I didn’t actually get into The Legend of Zelda until Ocarina of Time, and unfortunately had not heard of Catslevania until Castlevania 64. While most agree that the two for the Nintendo 64 were abysmal, I found them interesting, and I still love finding out about new games in the series(until they said that Kojima Hideo would be working on the new one, that is. Man!)
The game I most love in the series thus far is Aria of Sorrow, pretty much for the same reason people adore Symphony of the Night, a game I wouldn’t be able to play until The Dracula X Chronicles came out.
I had never heard of Final Fantasy until the eighth game, and I actually liked it(people, it said on the back of the box that it’s a game based on the theme of love! If you don’t like it, you should have read the box).
Despite the Final Fantasy craze, my favorite RPG and perhaps favorite game period is actually Grandia II( although Shadow of the Colossus is gripping it by the ankles).
Generally speaking, those days were more about the fun you had playing the game, and more thought and effort was put into that. The soundtracks seemed more elaborate, considering what they had to work with at the time. The controls might not have been the greatest, but they weren’t as bad as many say they were(an opinion based on today’s controls, and forgetting what a pain it was).
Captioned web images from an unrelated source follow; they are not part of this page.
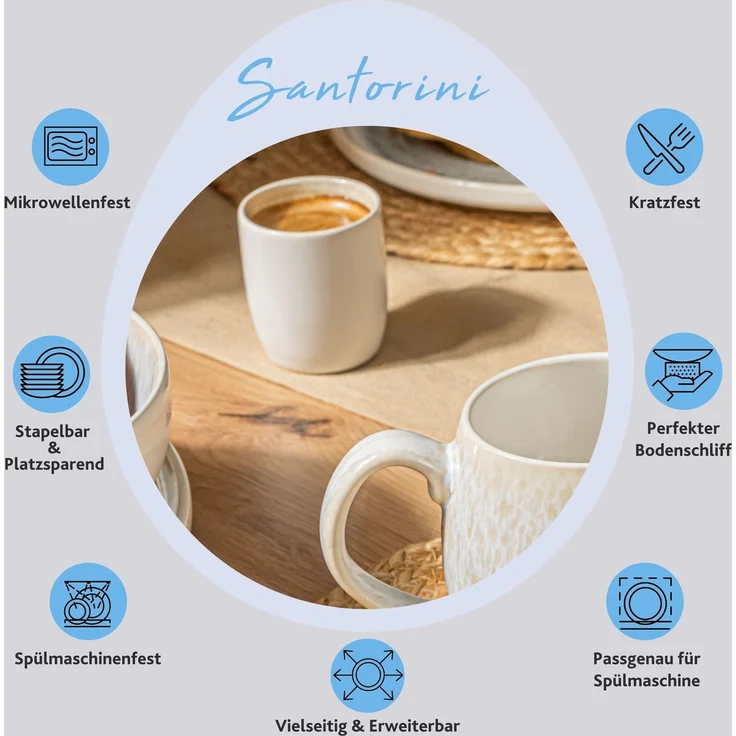 SÄNGER Espressobecher Set Santorini 4 teilig – Bild 1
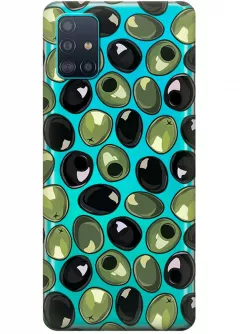 Чехол из силикона для Galaxy A51 с оливками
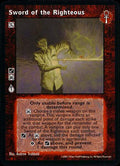 Sword of the Righteous [BL set] - VTES CCG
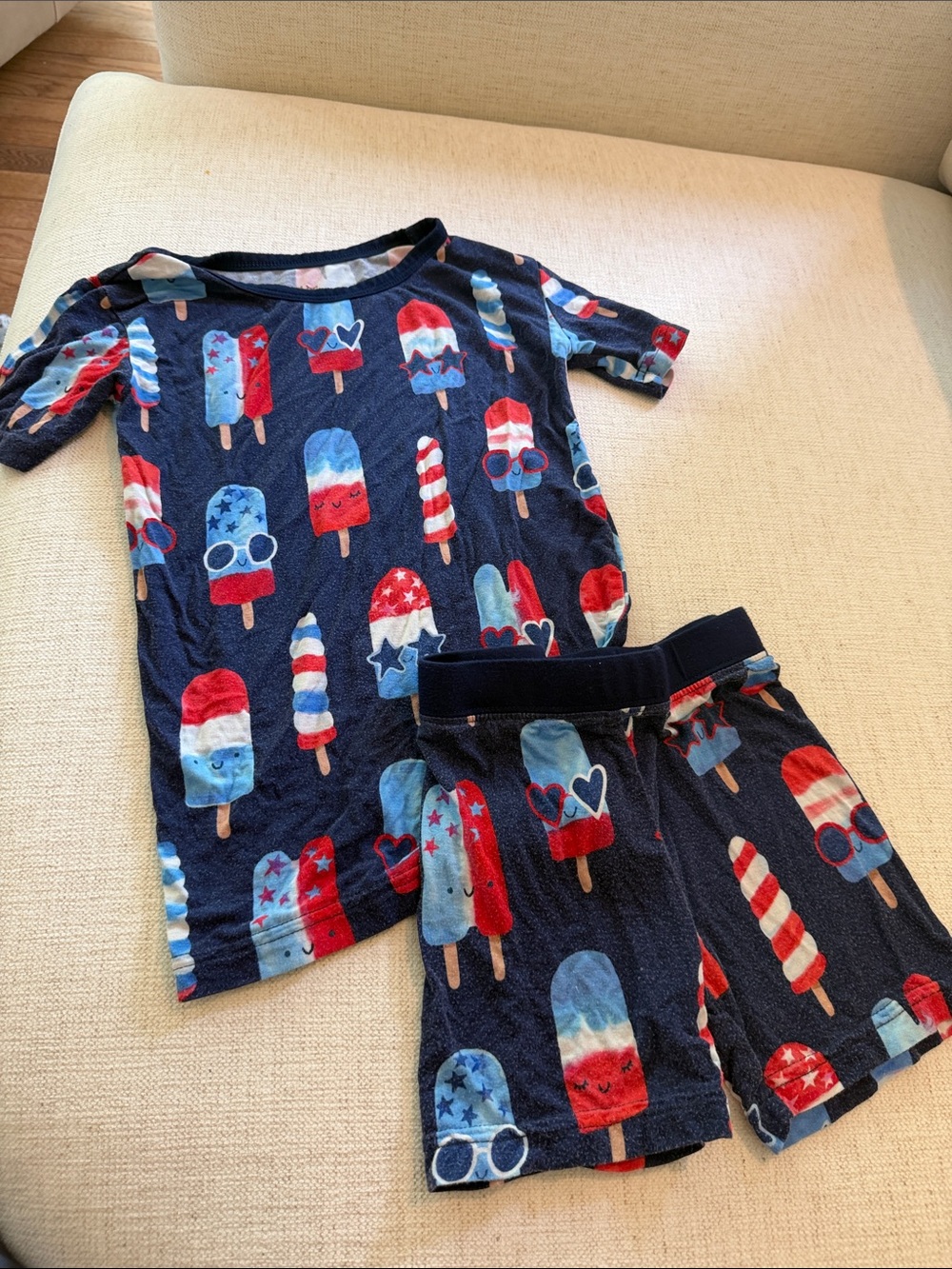 Little Sleepies Navy Red & Blue Popsicle Pajama Set 4th of July 2T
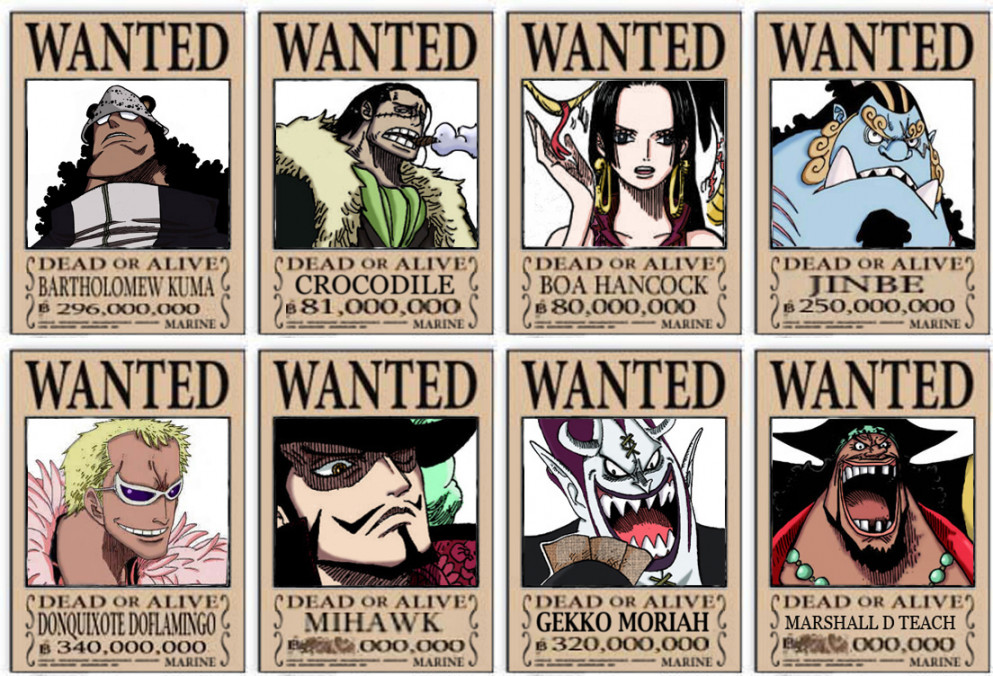 Wanted Shichibukai by LordGandulfo on DeviantArt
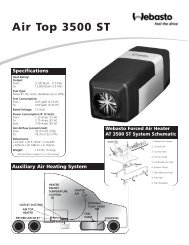 Air Top 3500 ST - Webasto Product North America, Inc.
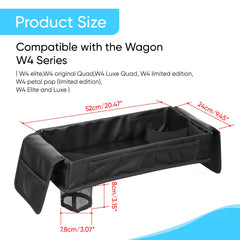 Myvikcar snack tray anti-spill bottle holder prevents messy spills on outings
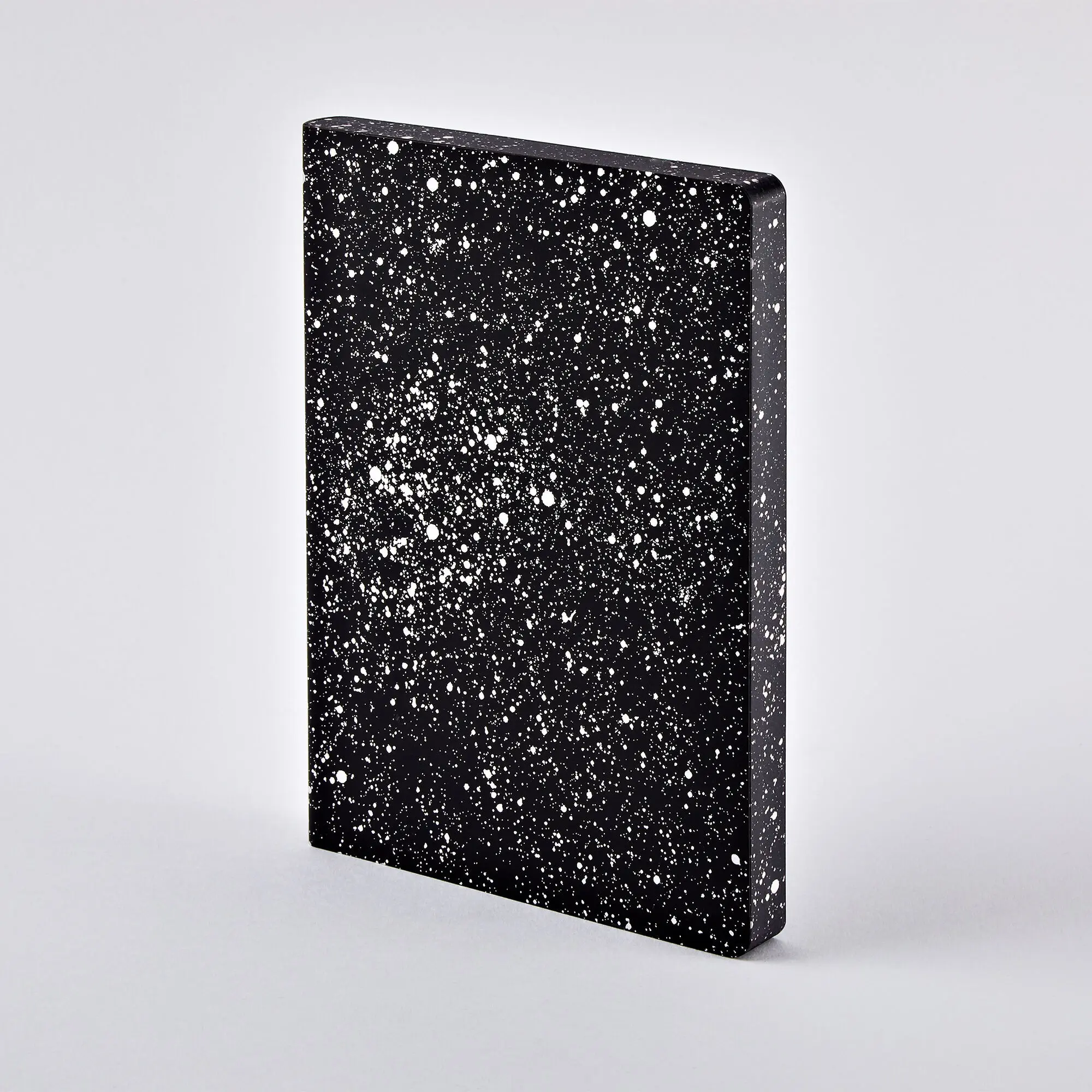 Milky Way - Graphic L | nuuna notebook A5+ | Dotted Journal | 3.5mm dot grid | 256 numbered pages | 120g premium paper | leather black | sustainably produced in Germany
Those of us gaming at the time had fun. Isn’t that what really matters?
We knew what we were looking at, despite the fact that it wasn’t as good looking as the stuff out now. Why are graphics so important all of a sudden? A 1up member going by the name of Sharkman! stated,”I didn’t start playing videogames because I wanted them to be like movies, I play because I like videogames”.
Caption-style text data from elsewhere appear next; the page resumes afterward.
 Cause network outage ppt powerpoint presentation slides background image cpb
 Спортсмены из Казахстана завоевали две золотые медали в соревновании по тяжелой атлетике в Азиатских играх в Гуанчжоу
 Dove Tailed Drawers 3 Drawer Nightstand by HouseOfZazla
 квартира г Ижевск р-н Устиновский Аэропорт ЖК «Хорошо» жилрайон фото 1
I’m in total agreement. To me, the most important things in a game are the story, save system, controls, and music. Graphics are not important as long as I recognize what I’m looking at, and for those about to go off about how Gears of War and BioShock are so pretty, I agree, but look at how popular Braid and Plants Vs Zombies are, and look at the graphics.
Obviously extravagant graphics are unnecessary. For those of us that own PSPs(that haven’t been hacked!), one of the reasons we still have them is because of the PSX releases on the PSN. Remember how everybody went insane at the announcement of Final Fantasy VII on the PSN? Finding PSN cards after the game was re-released was very difficult.
The game was groundbreaking, and while the graphics were pretty good at the time the game was originally released, try showing it to kids who weren’t alive when this hobby of ours had just begun(you know, the ones who think the PS2 is responsible for online multiplayer on consoles when it was actually the Dreamcast?). They’ll use all kinds of interesting vocabulary for it based on graphics alone. If they look past the graphics, however, they’ll find a pretty deep game with an amazing story.
The same could be said for Symphony of the Night. While it had a few 3-d things, the majority of it was 2-D, but that did not impede it from being revered by many.
These games are being re-released for a reason. Yes, the companies will make a profit, but that’s because the people purchasing it know what they are getting, and to us, the games are worth more than just $5-10. Their greatness and our subsequent love for them is what makes them so profitable.